Monday, April 04, 2005

The Valve

I think it was Maud Newton, last week, who had a link to The Valve, which is a new blog.

Now The Valve, I have to say, ain't gonna do it for everyone. In fact, I am not sure it does it for me. But here's what it says about itself:

'The Valve is a literary weblog dedicated to the proposition that the function of the little magazine can follow this form. We mean to foster debate and circulation of ideas in literary studies and contiguous academic areas.'

See what I mean? This isn't going to fill every reader with wild enthusiasm, now is it?

What I think the blurb means it that The Valve is a blog which is going to try to do what most small literary magazines do: i.e., presumably, publish essays, criticism, the occasional short story, and perhaps some poetry.

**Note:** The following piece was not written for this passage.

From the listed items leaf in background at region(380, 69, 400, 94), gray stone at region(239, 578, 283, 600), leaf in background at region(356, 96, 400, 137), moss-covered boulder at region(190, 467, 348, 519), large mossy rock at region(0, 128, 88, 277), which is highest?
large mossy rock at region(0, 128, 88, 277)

Fortunately, if you read the opening article in full, or at any rate dip into it, it becomes apparent that the author, John Holbo, is an amiable sort of fellow, with at least a modicum of common sense. He has some interesting things to say about university presses -- and I used to run one once, so I have views on the subject. And he also has the virtue of at least suspecting that not all is well within academia.

For instance, he estimates that there are 30,000 academics at work in the humanities. But he points out that 'no one has a clear (or even unclear) sense of what work in the humanities presently needs approximately 30,000 hands to complete.'

So the guy is capable of rational thought. Furthermore, he, or one of his colleagues, has had the good sense to include the GOB on their blogroll, so it would be ungracious to do other than reciprocate.

3 comments:

Anonymous said...

Calendar check. Today is April 4, 2005, and "The Valve" post is dated April 16, 2005. Can I assume this is a "mis-post" by the system?

archer said...

I can't stand stuff like that. It aims to sivilize.

Anonymous said...

Prof. John Holbo was my Philosophy lecturer last year. He is a very friendly person who's not beneath chatting with clueless undergraduates about inane topics he has gone over a thousand times already. His lectures are also really interesting, chock full with that "common sense" GOB noted - not something you'd might expect in a Philosophy lecture.

I guess my point is that this is a brilliant man who knows what he is doing so give him a chance. It's a new thing so it probably just need some time. For one thing the front page can be organised.